From Oakland's web page on the project:
Project Design Elements
The project will pave the length of the street, upgrade curb ramps to meet accessibility standards, and install buffered bike lanes and high-visibility crosswalks. Other features include:
- raised pedestrian safety islands at six crosswalks;
- raised corner islands to slow turning vehicles and shorten bicycle and pedestrian crossings at 27th Street and W MacArthur Boulevard; and
- a median refuge area for northbound bicyclists crossing San Pablo Ave created by removing the northbound left turn pocket at Isabella St.
The project will replace the two-way center turn lane with a six-foot wide striped median and add striped buffers to the existing bike lanes.
Protected intersections are becoming more common around the Bay Area, because of their clear advantages for safety.
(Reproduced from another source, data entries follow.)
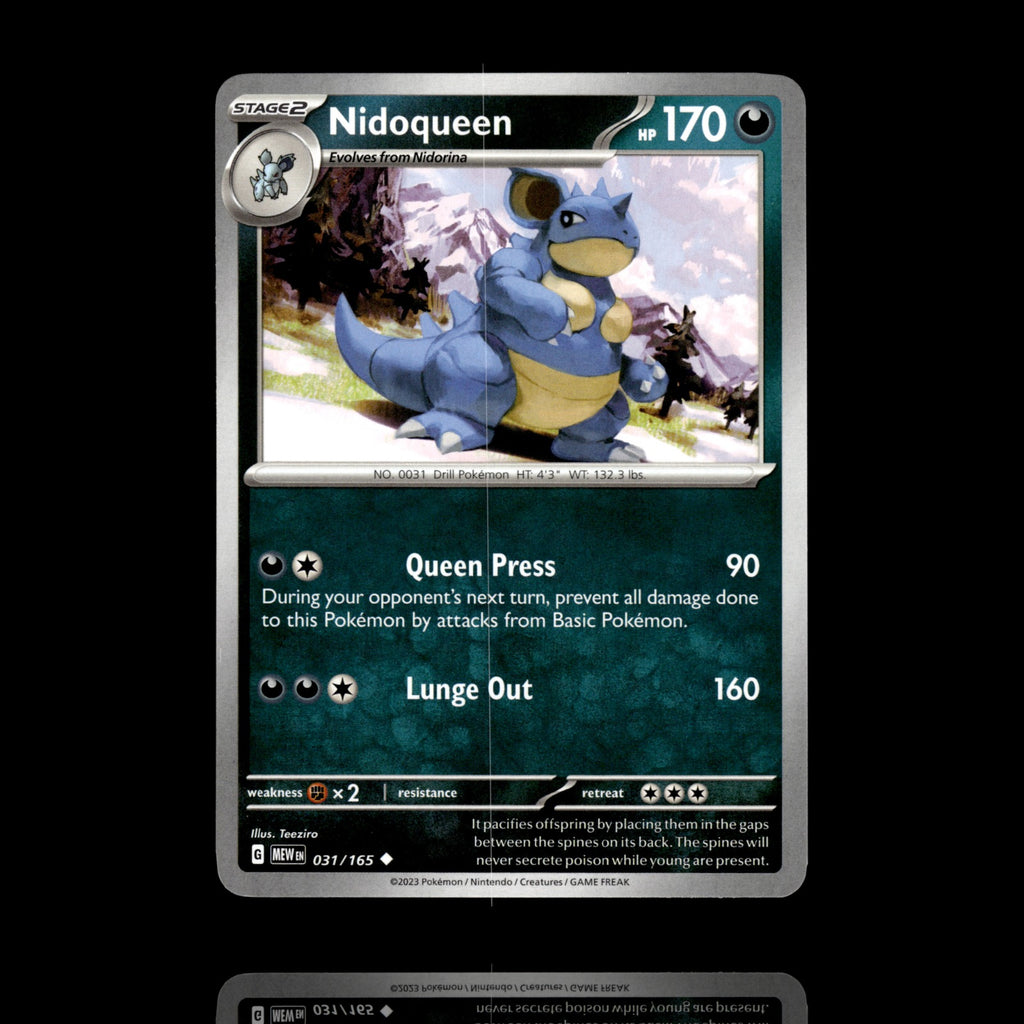 ▸ Nidoqueen | SV: Scarlet & Violet 151 | Uncommon | 031/165 | NM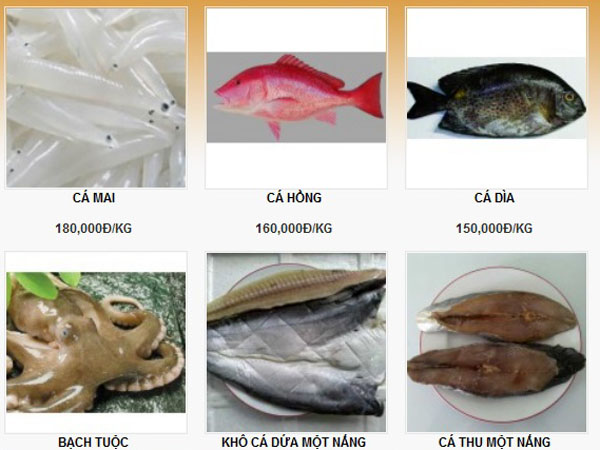 Rủ nhau lên mạng buôn hải sản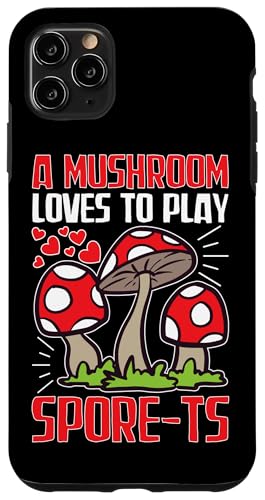 Pilzjagd: Ein Pilz liebt es, Spore-ts zu spielen Hülle für iPhone 11 Pro Max Pilzjagd: Ein Pilz liebt es, Spore-ts zu spielen Hülle für iPhone 11 Pro Max von Mushroom And Fungi Mycologist Designs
As seen in the lead image, a forward island gives cyclists a place to wait where they are visible and protected by a curb. Motorists are forced to take turns slowly, otherwise they risk hitting the curb.
Oakland refers to them as intersections with "raised corner islands" in its communications.
Bike East Bay's Dave Campbell told Streetsblog he loves the protected intersections but is also pleased with the speed humps the project includes. "My favorite parts of the road diet are at 35th or 37th," he said. "There's a stop sign, but they put a speed hump right before it and right after."
Campbell said that's a treatment he first observed in Mexico City. He'd been urging OakDOT to use it here. "I came back here, why we can't do that here?" Campbell said the installation is working well to force motorists to stop, or at least slow significantly, at stop signs instead of blowing through them. "They stop or they blow a tire or their suspension is shot."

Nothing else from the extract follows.